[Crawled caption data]
*-*-*

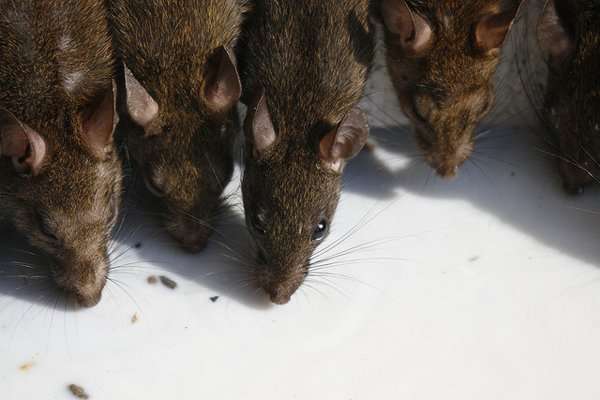 Karni Mata Fair, Bikaner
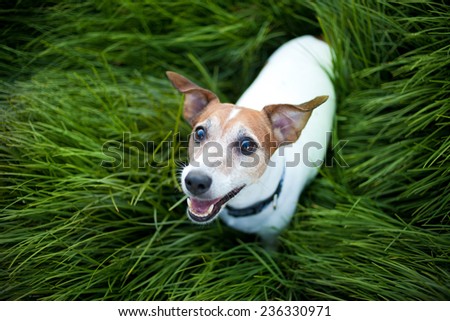 Jack Russell Terrier playing outside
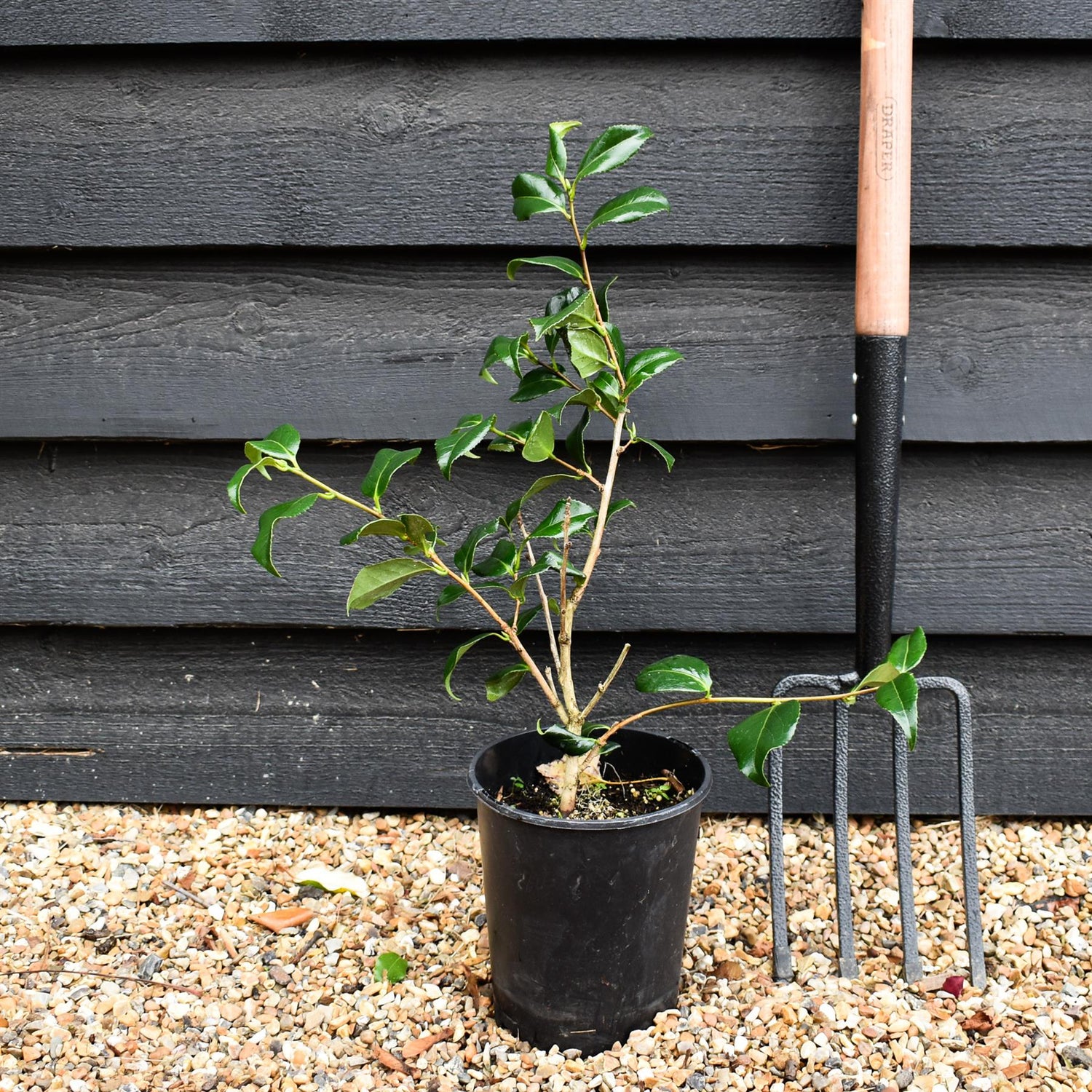 Camellia japonica 'Lady Vansittart' - Shrub - 3lt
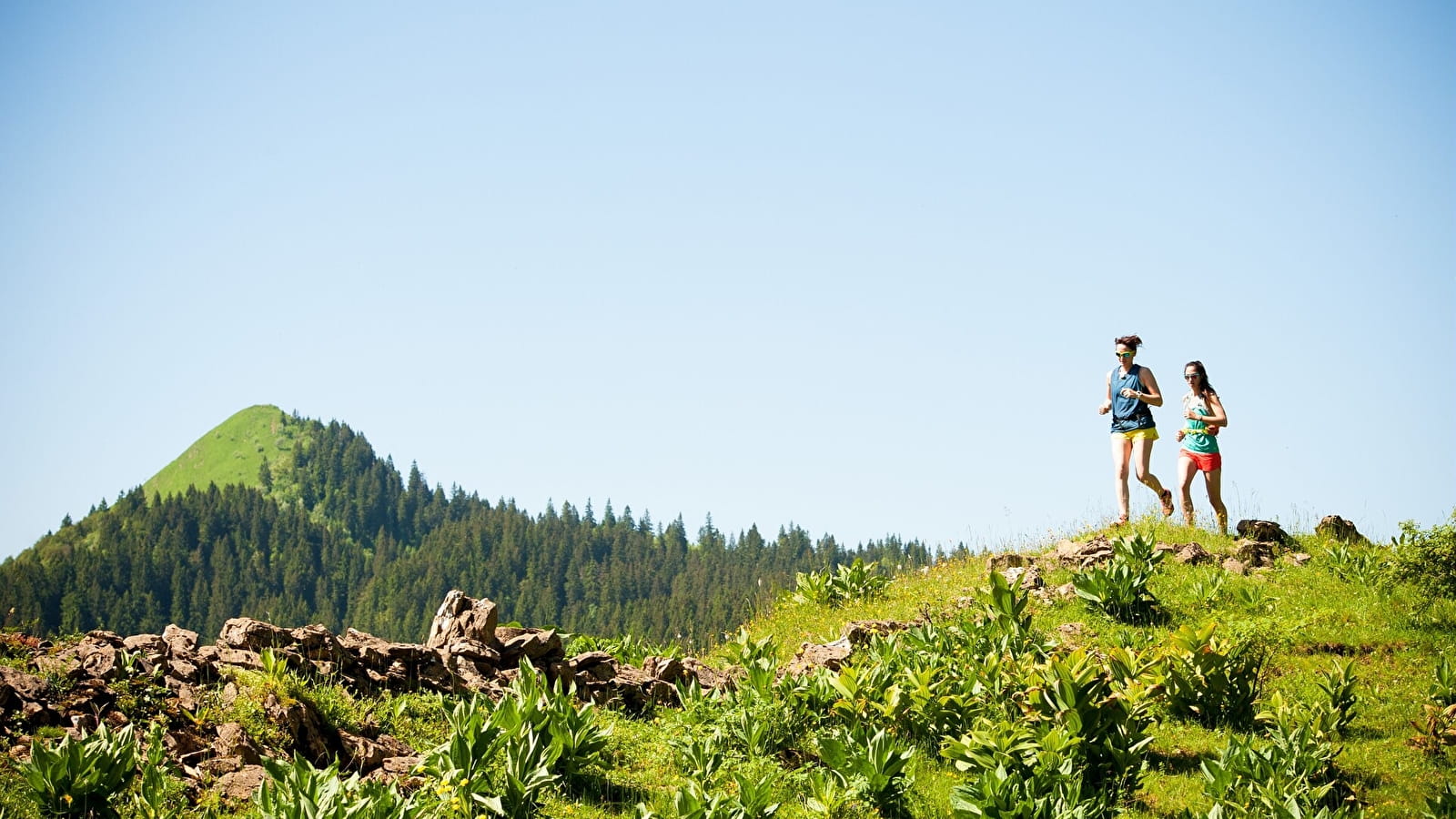 Les Hautes Combes - 19N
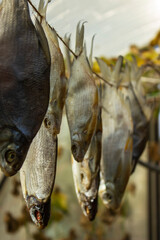Drying fish in the summer outdoors on a rope in a private vegetable garden.Russia.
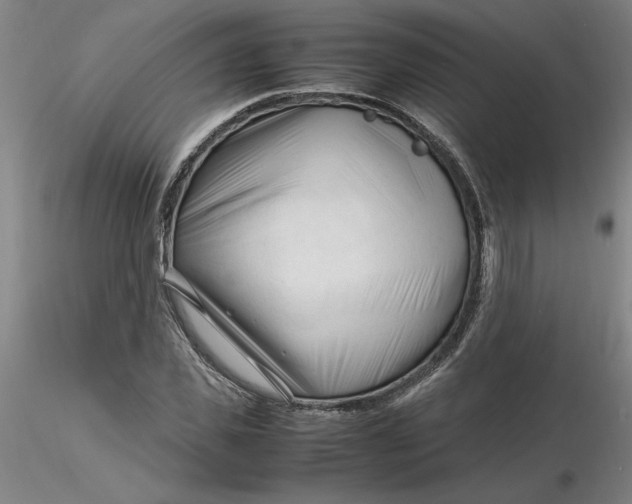 X0000116270925200912211755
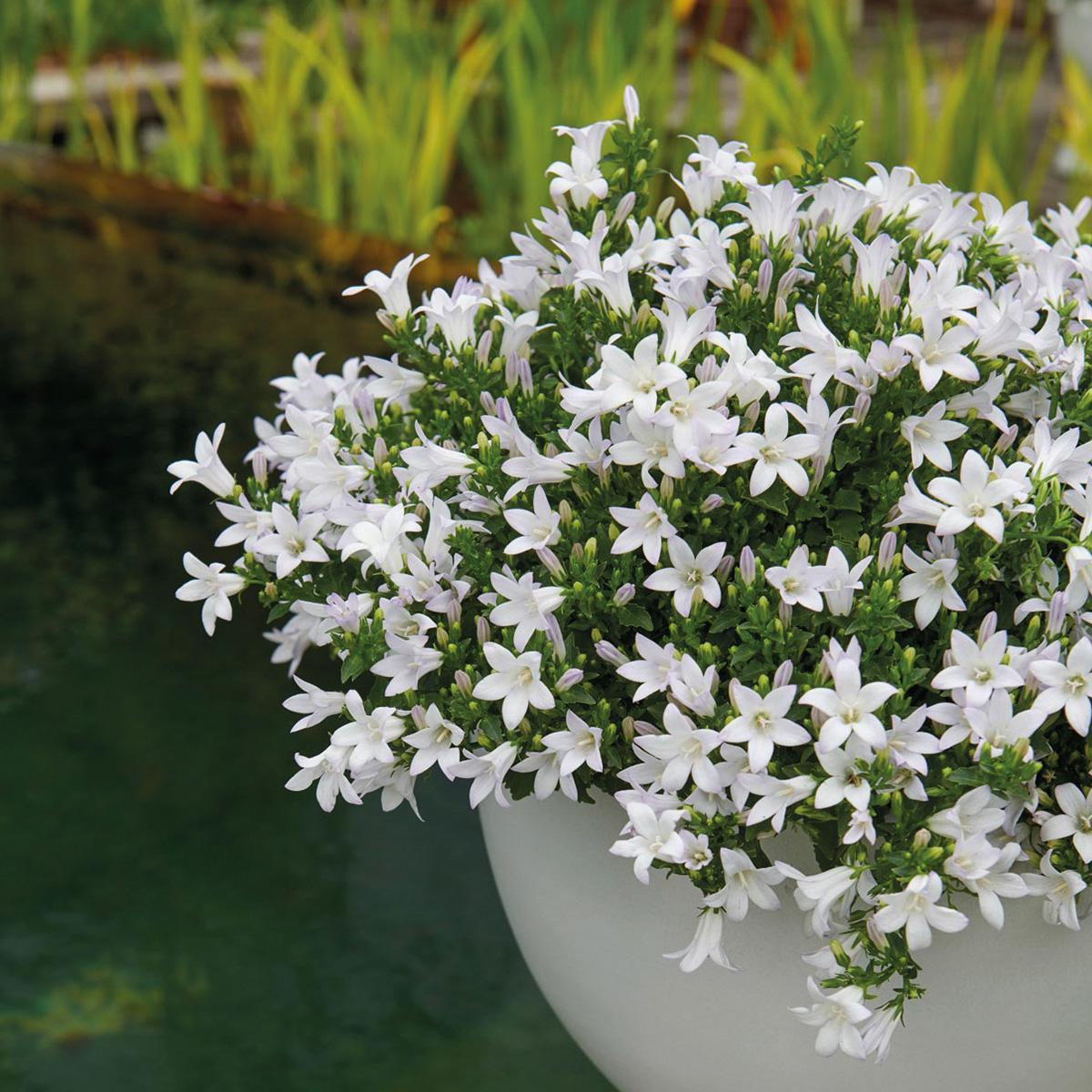 Campanula Addenda - Klokjesbloem wit potmaat 12cm - 2m2 bodembedekker - 12 stuks - Ambella white - tuinplanten - winterhard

*-*-*

Work instruction – Omit the pictures. Output every record above word for word.

Result for this task –
 Karni Mata Fair, Bikaner
 Jack Russell Terrier playing outside
 Camellia japonica 'Lady Vansittart' - Shrub - 3lt
 Les Hautes Combes - 19N
Drying fish in the summer outdoors on a rope in a private vegetable garden.Russia.
 X0000116270925200912211755
 Campanula Addenda - Klokjesbloem wit potmaat 12cm - 2m2 bodembedekker - 12 stuks - Ambella white - tuinplanten - winterhard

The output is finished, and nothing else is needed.